There are a few different concepts I have been pondering, as of late.
This first concept is the idea that there is a season for everything. The specific passage I am referring to is found in Ecclesiastes 3:1-8. American Standard Version (ASV):
3 “For everything there is a season, and a time for every purpose under heaven: 2 a time to be born, and a time to die; a time to plant, and a time to pluck up that which is planted; 3 a time to kill, and a time to heal; a time to break down, and a time to build up; 4 a time to weep, and a time to laugh; a time to mourn, and a time to dance; 5 a time to cast away stones, and a time to gather stones together; a time to embrace, and a time to refrain from embracing; 6 a time to seek, and a time to lose; a time to keep, and a time to cast away; 7 a time to rend, and a time to sew; a time to keep silence, and a time to speak; 8 a time to love, and a time to hate; a time for war, and a time for peace.”

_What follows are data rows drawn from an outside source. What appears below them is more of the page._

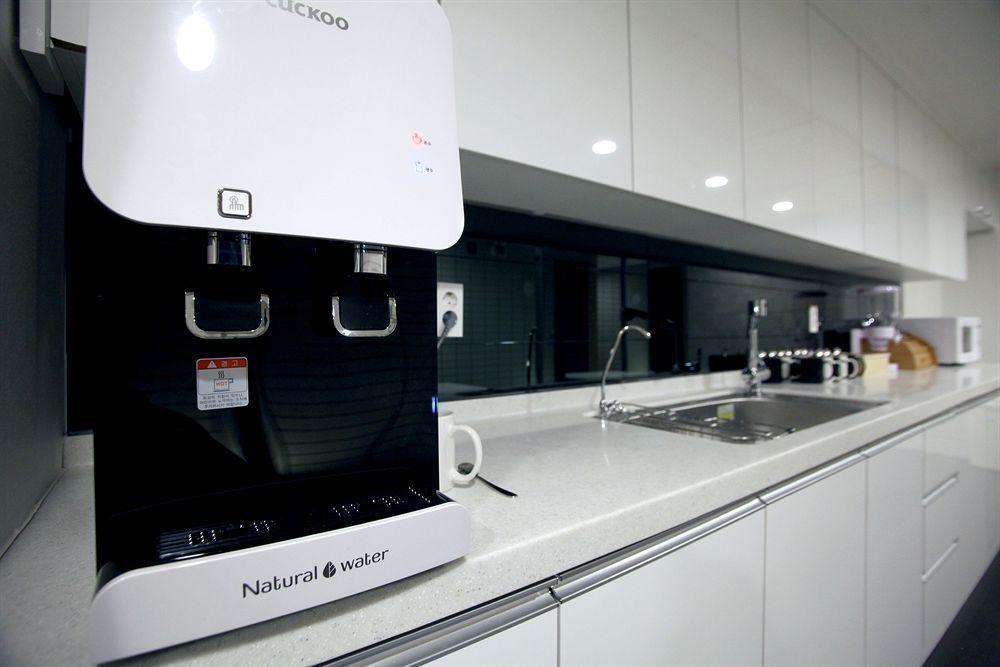 Kstar Metro Hotel Seul Dış mekan fotoğraf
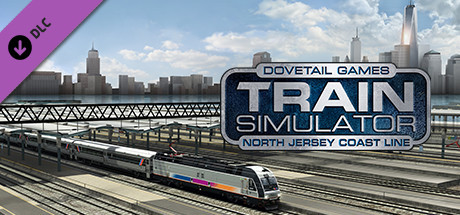 Train Simulator: North Jersey Coast Line Route Add-On ceny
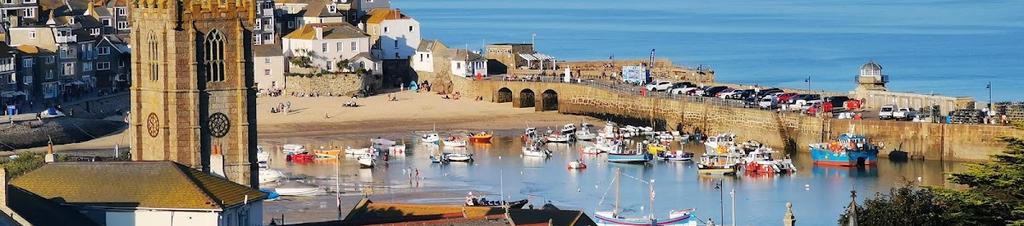 Luxury hotels in St Ives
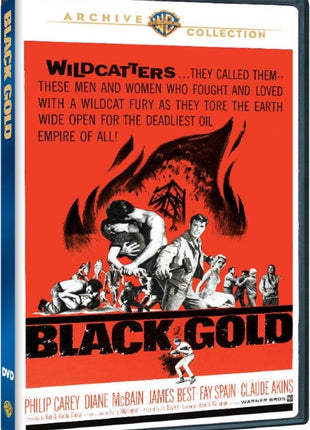 Black Gold: Warner Archive Collection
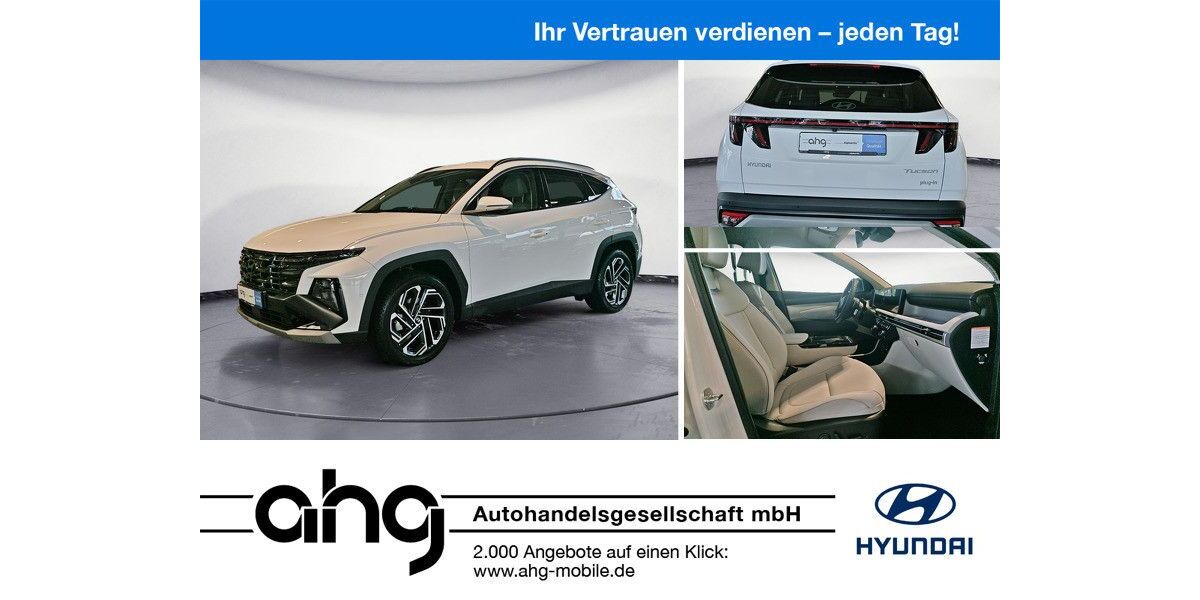 Hyundai TUCSON 19.735 km 32.790 &euro; Pforzheim 75179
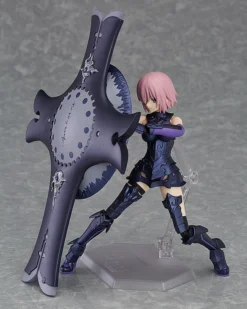 Max Factory Figma Fate/Grand Order Shielder/Mash Kyrielight (Re-run) -Max Factory 7f65f706240e4031b441a432d29fc74c.jpg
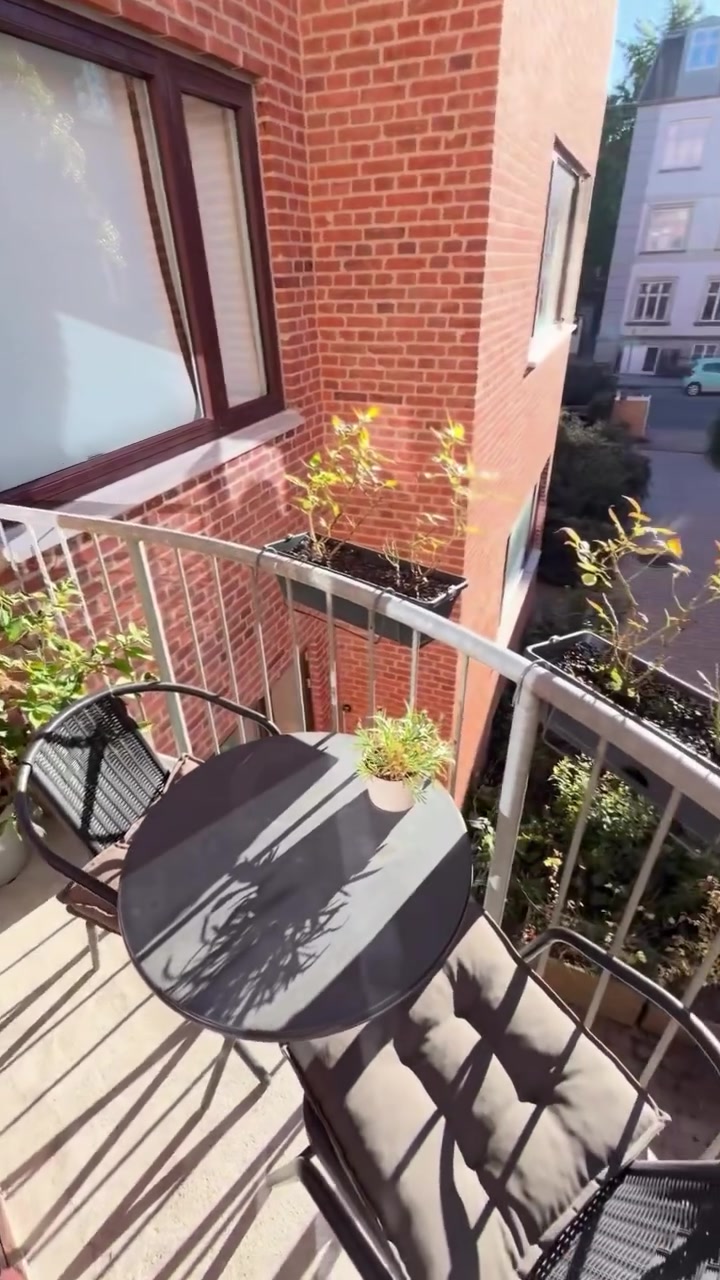 Skuffebolig, 66 m² – Frederiksberg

What does this passage even mean? I am left to wonder at these words. How can there be a time for everything? Can such a thing be ordained/arranged from divinity? Do we as gods choose when these times are, before we come into these mortal frames? So many questions, I can only ponder their meanings. When you feel as strongly as I do, you tend to feel like maybe the weeping will never end, and maybe the sorrow is a mark that forever defines your soul. But what if there is hope that it will cease? What if I can still hope for a season of joy and laughter yet to come? What if everything is set aside and accounted for? What do we create and what do we just ‘fall into’? If we accept that we are all co-creators of our reality in this universe, then how do we align ourselves with the seasons and times we set out to experience? I admit, I have more questions than I have answers, yet my probing mind will not stop being curious. And I do pray, that there will be a time for me to remember and understand every season my soul goes through.